In this post we'll take a look at the differences between apoptosis and necrosis, as well as the two different mechanisms of apoptosis.
Apoptosis is different to necrosis because it is death that is programmed and is associated with shrinkage of the cell. Apoptosis is a normal mechanism in the body and it plays an important role during development and the maintenance of cell turnover. In the maintenance of cell turnover, apoptosis balances mitosis and maintains a constant number of cells in the tissue. During development it works to remove unnecessary tissues such as the webbing between the fingers and forming lumens in tubular organs. Importantly, apoptosis also triggers the death of the cell when there is irreparable damage to the genome and this helps to prevent cancer.
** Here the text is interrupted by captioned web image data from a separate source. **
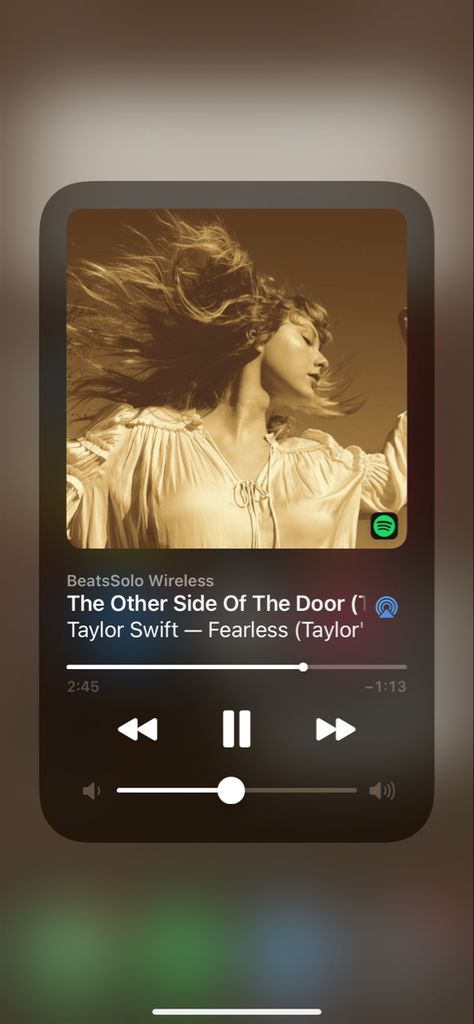 the other side of the door by taylor swift Taylor Swift Fearless Songs, Fearless Song, Disney Princess Rapunzel, Taylor Swift Fearless, You Belong With Me, Bon Iver, Best Song Ever, Spotify Music, Taylor S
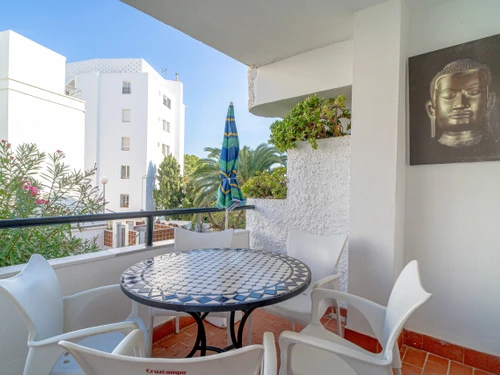 Apartamento Nerja, 2 dormitorios, 4 personas - photo_19081599276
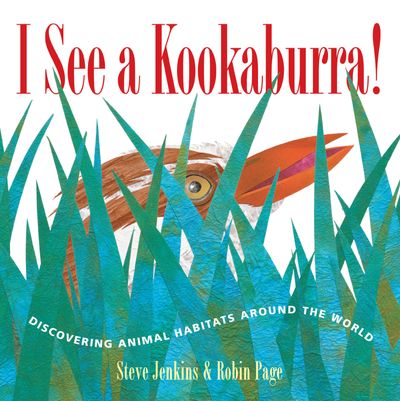 I See a Kookaburra!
When apoptosis occurs, the cell dies in a way that avoids any inflammatory response by the body and does not create any cellular debris. Once the cell has died, it is cleaned away efficiently by macrophages.
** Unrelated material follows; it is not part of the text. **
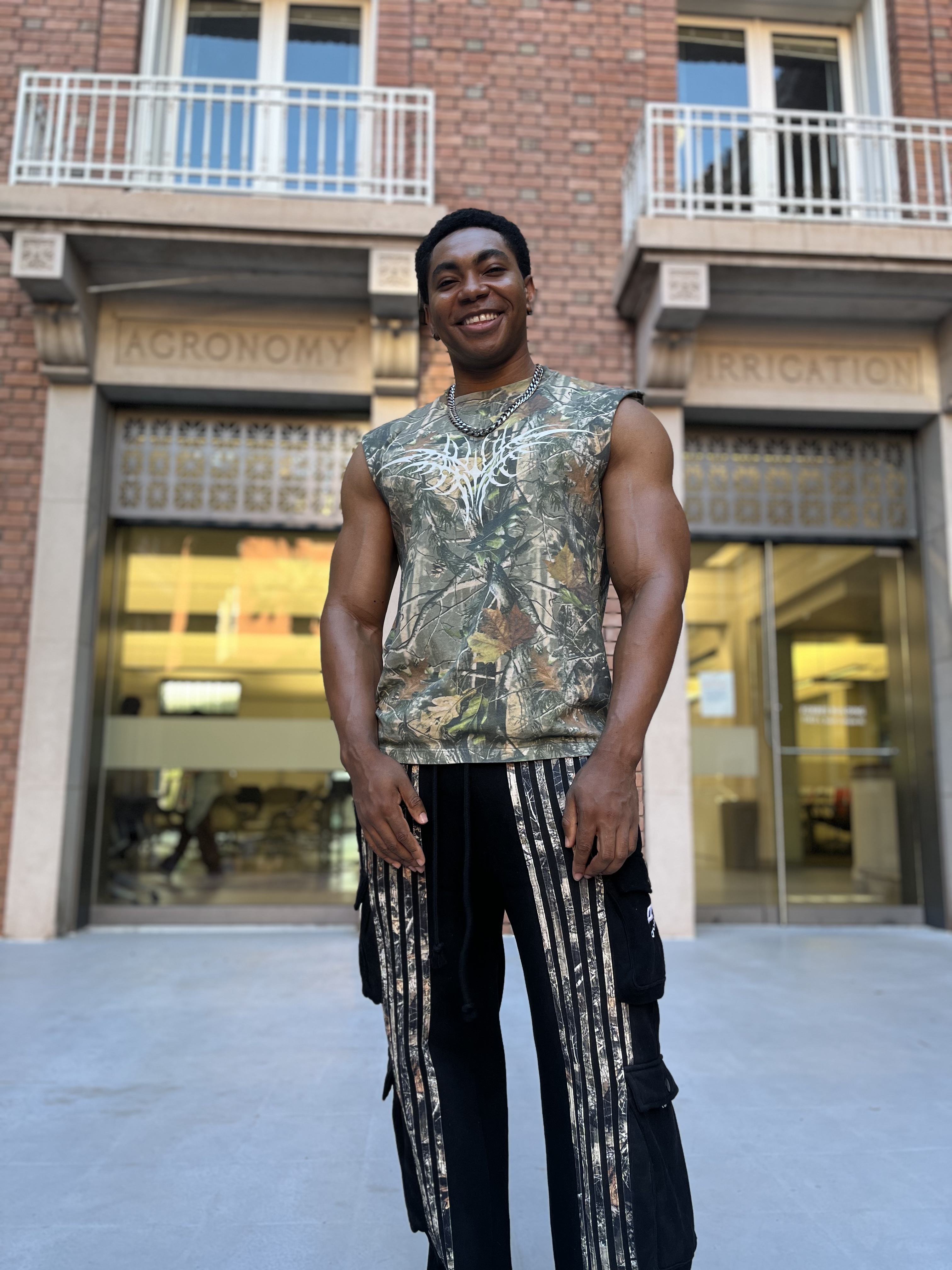 Baden model headshot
Apoptosis often affects single cells while necrosis will affect groups of cells. As mentioned earlier, apoptosis causes the cell to shrink in size while necrosis causes the cell to swell. Necrosis causes nuclear lysis while in apoptosis, the chromatin condenses and the nucleus fragments. In addition, the cell membrane is damaged in necrosis while it remains intact in apoptosis. The cytoplasm of cells that die from apoptosis is packed into apoptotic bodies, in necrosis the cytoplasm is released into the surrounding tissue.
In addition, apoptosis is an active process that produces no inflammation, can be physiological and involves the rapid phagocytosis of apoptotic bodies. Necrosis, on the other hand, is an always pathological, non-energy dependent process that often causes an inflammatory reaction and is slow to clear.
Apoptosis has to be regulated tightly, otherwise we would have too much or too little cell growth. Apoptosis can be triggered by two main types of stimuli: a positive trigger or withdrawal of a signal.
Receptor-mediated apoptosis involves positive triggers that ‘push’ the cell into apoptosis. The binding of Tumour Necrosis Factor (TNF) to a cell surface receptor as well as the binding of Fas-ligand to the Fas receptor are examples of these kinds of stimuli.
These signals are transferred via intermediate proteins such as the TNF-Receptor-Associated-Death-Domain (TRADD) and the Fas-Associated-Death-Domain (FADD). This signal is then passed by the Death-Inducing-Signalling-Complex (DISC) and this activates the enzymes Caspase 8 and Caspase 3.
Caspase 3 acts on different components within the cell and also activates a Caspase-activated DNAse (shortened to CAD) which goes and breaks the DNA into 200 base pair segments. An inhibitory molecule known as ICAD regulates the CAD DNAse.
Apoptosis may also be initiated in a cell in response to a withdrawal of a trophic substance, by damage from irradiation or from hypoxia.
The permeability of the mitochondria is controlled by bcl-2 (which is anti-apoptotic) and bax (which is pro-apoptotic). Increased permeability in the mitochondria leads to the release of cytochrome C in the cytoplasm. This activates Caspase 9 with the help of Apaf-1 (pro-apoptotic Protease-Activating Factor). Caspase 9 then goes on to activate Caspase 3 and the pathway continues in a similar way to that of receptor mediated apoptosis. That is, Caspase 3 activates CAD which breaks the DNA up into regularly sized pieces.